[WORK TO COMPLETE] Pull each line holding "Blue" out of the entries below.

Stored data:
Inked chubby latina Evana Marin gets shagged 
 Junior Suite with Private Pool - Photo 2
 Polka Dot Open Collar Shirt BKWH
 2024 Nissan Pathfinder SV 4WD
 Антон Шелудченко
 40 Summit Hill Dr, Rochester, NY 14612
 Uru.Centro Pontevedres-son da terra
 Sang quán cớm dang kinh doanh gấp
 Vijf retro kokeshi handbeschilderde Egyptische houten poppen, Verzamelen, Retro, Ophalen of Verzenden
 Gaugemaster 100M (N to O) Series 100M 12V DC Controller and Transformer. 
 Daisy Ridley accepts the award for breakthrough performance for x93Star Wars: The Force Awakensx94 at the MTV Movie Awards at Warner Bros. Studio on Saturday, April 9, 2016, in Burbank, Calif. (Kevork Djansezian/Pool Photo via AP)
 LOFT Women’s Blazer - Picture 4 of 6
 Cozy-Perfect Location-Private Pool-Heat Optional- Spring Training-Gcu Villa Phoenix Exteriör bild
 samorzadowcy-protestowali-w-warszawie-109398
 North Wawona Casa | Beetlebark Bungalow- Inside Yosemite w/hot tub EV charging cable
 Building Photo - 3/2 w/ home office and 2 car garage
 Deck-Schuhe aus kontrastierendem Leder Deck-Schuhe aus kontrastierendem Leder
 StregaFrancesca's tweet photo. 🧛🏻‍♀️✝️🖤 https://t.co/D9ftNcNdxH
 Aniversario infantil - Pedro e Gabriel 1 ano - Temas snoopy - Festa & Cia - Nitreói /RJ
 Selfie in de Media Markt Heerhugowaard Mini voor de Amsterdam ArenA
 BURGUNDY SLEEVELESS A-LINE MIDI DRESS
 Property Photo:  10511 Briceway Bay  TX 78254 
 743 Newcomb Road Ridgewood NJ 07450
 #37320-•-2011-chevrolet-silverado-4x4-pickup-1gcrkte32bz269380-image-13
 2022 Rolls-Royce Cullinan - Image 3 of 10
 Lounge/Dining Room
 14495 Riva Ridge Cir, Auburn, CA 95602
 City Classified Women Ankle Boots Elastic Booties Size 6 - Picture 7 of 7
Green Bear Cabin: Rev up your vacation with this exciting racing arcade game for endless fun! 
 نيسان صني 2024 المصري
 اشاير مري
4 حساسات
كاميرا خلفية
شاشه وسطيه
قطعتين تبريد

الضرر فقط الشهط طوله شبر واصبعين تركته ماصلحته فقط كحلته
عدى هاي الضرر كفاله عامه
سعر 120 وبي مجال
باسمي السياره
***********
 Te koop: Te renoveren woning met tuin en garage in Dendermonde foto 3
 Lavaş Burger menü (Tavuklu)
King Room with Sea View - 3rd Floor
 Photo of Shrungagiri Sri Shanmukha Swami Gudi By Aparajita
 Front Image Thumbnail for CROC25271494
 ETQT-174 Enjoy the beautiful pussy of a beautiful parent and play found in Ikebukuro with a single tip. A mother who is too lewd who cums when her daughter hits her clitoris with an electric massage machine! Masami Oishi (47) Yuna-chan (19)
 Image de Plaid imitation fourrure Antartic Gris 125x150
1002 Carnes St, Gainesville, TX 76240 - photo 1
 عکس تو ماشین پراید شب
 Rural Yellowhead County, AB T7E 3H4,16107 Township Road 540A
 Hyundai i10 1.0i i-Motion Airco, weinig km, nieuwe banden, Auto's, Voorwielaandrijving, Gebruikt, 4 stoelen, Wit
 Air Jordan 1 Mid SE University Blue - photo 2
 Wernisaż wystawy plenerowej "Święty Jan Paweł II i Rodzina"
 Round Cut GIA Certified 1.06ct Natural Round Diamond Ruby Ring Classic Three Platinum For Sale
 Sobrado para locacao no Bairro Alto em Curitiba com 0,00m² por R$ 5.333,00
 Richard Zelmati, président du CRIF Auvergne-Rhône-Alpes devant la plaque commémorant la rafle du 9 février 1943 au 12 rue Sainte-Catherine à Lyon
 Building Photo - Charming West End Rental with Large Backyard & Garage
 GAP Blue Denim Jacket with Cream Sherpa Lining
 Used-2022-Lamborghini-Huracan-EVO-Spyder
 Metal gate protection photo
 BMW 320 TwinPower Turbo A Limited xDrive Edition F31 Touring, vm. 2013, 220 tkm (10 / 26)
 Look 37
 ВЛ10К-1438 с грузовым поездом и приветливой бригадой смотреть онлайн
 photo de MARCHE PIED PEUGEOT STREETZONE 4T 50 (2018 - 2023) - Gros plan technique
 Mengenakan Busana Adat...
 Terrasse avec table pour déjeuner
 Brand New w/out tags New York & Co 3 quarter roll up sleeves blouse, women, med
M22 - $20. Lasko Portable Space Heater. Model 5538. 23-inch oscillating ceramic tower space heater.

[OUTPUT FOR THIS EXERCISE]
 Air Jordan 1 Mid SE University Blue - photo 2
 GAP Blue Denim Jacket with Cream Sherpa Lining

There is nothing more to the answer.